### INSTRUCTIONS FOR THE TASK
What are the lines below, starting at the line containing "Folded white t-shirts" and ending at the line containing "A blue tea kettle is on a black stove."? Write them out exactly, ends included, without pictures.

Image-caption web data
━━━━━━━━━━

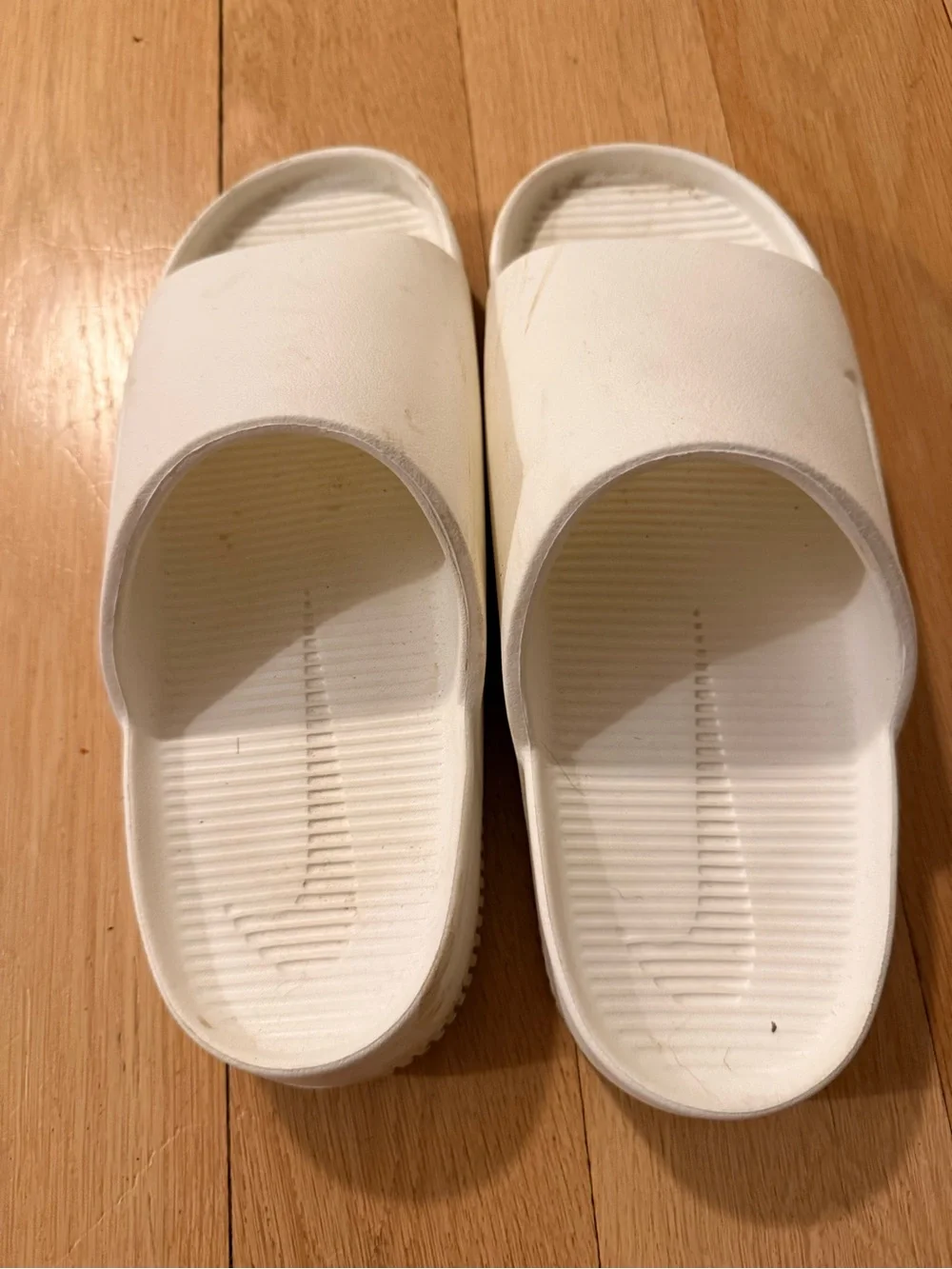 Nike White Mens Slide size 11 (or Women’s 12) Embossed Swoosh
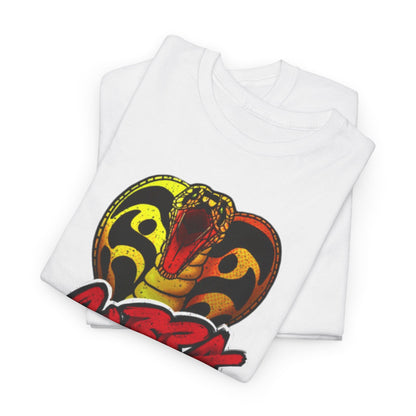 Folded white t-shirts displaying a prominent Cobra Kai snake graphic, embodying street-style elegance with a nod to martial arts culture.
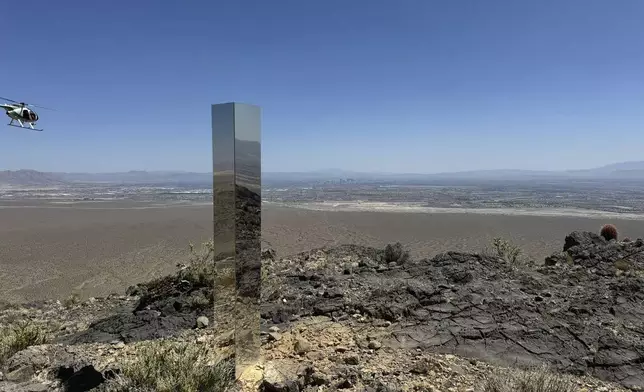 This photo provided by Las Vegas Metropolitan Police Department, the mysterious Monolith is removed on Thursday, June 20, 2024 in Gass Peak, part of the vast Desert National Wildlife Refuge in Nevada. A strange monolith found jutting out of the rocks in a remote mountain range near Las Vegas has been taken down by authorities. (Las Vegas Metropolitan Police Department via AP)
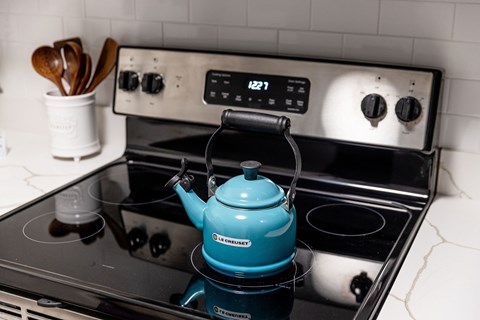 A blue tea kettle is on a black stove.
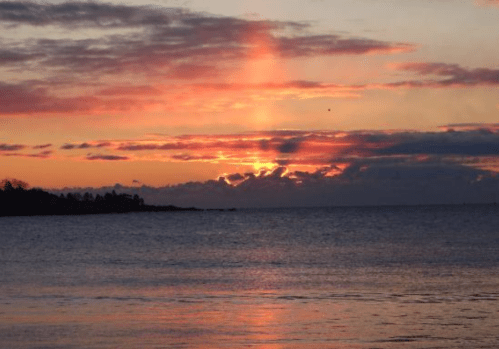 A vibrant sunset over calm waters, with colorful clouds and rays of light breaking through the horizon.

━━━━━━━━━━

### EXERCISE OUTPUT
 Folded white t-shirts displaying a prominent Cobra Kai snake graphic, embodying street-style elegance with a nod to martial arts culture.
 This photo provided by Las Vegas Metropolitan Police Department, the mysterious Monolith is removed on Thursday, June 20, 2024 in Gass Peak, part of the vast Desert National Wildlife Refuge in Nevada. A strange monolith found jutting out of the rocks in a remote mountain range near Las Vegas has been taken down by authorities. (Las Vegas Metropolitan Police Department via AP)
 A blue tea kettle is on a black stove.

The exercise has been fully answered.